▸ **THE PROBLEM**
Work through the records below and tally every line containing "Edition". Reply with the total alone.

▸ **MATERIAL FOR THIS TASK**

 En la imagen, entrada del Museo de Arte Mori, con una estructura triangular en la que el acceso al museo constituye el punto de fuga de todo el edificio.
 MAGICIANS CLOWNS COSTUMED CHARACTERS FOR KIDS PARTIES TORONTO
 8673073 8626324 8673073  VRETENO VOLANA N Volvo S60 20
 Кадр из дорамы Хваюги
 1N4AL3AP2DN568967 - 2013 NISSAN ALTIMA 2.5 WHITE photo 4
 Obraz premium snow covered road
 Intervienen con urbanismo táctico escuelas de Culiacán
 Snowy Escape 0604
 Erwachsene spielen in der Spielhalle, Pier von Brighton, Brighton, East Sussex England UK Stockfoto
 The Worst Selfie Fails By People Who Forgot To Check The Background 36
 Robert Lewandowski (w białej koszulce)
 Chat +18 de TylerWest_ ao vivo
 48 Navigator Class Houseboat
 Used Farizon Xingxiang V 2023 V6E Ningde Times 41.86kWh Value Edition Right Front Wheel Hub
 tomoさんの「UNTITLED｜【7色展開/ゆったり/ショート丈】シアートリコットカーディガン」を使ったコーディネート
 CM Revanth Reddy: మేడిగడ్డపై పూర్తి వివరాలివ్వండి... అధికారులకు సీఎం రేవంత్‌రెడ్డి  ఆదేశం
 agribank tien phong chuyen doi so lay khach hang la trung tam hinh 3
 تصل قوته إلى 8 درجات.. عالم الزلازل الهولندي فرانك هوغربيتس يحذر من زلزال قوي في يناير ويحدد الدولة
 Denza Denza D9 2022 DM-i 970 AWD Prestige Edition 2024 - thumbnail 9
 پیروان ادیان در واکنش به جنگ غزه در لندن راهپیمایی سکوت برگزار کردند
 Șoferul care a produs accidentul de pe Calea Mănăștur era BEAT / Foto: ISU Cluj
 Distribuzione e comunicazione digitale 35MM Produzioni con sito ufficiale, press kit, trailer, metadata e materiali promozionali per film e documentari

▸ **RESPONSE TO THIS TASK**
2